Aşil'in yarasına bakıldıktan sonra tekrar savaş meydanına geri döner ve bir süre daha savaşır. Memnon'a birçok darbe indirir ve öldürür. Kendisi yine yaralanmıştır ve geri çekilir. Kalan Truva kuvvetleri Etiyopyalı krallarının öldüğünü duyunca şehre kaçarlar ve kapıların arkasını kalasla destekleyip kapatırlar. [33] Karanlığın çökmesiyle savaşa son verilir. Ertesi gün Priam Agamemnon'a elçi gönderir ve 20 gün ateşkes ister, kabul edilir. Troil ve Memnon onuruna muhteşem bir cenaze töreni düzenlenir. Her iki taraf da ölülerini gömer. 

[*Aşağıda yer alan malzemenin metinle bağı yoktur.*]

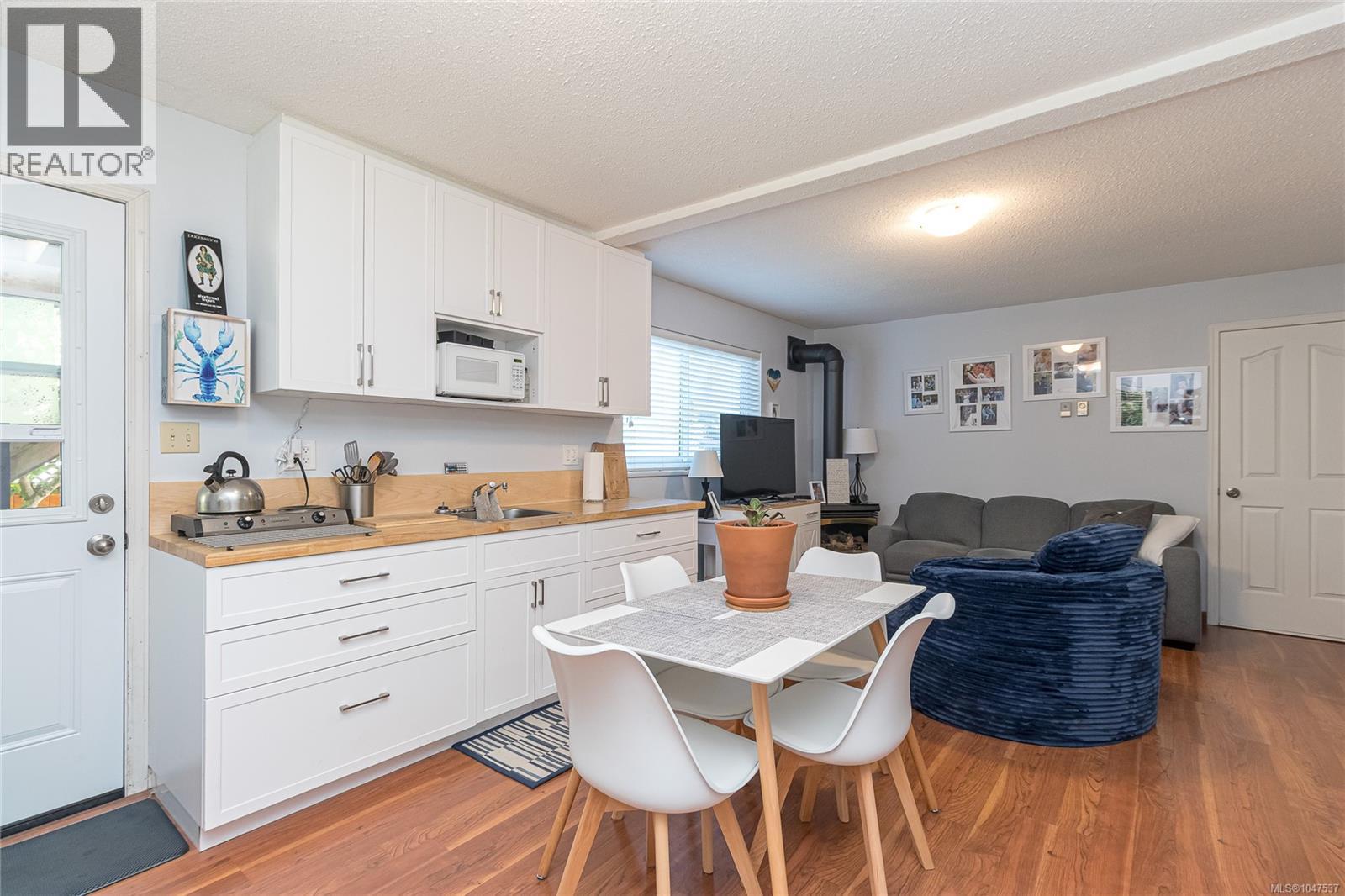 6736 Rhodonite Dr - Image 23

Truva Kralı Laomedon’un torunu Memnon için annesi Şafak Tanrıçası Eos yas tutmakta. Türk kültüründeki gibi, Eos yas ifadesi olarak ya saçını yoluyor, ya da kesiyor, üstündeki dalda bir kuş, yani ruhunun uçup gittiğinin ifadesi.
Amphora - MÖ 530 - Vatikan müzesi



Ekuba, karakterine uygun olarak, Aşil tarafından katledilen en cesur iki oğlu, Ektor ve Troil'in kaybı için, haince bir intikam istemektedir. Oğlu Aleksander'ı çağırtır ve acil olarak Aşil'i öldürmesi için adeta yalvarır. Böylece hem kendi, hem de kardeşlerinin onurunu koruyacaktır. Onu bir pusuda gafil yakalayabilir. Priam adına, Polyksena ile evlenmesini sağlayacak bir anlaşmaya varmak için Aşil’i Thumbraean Apollo tapınağının kapısına çağırtabilir. Akhilles de bu toplantıya geldiğinde Aleksander onu haince öldürebilir. Aşil'in ölümü onun için yeterli bir zafer olacaktır. 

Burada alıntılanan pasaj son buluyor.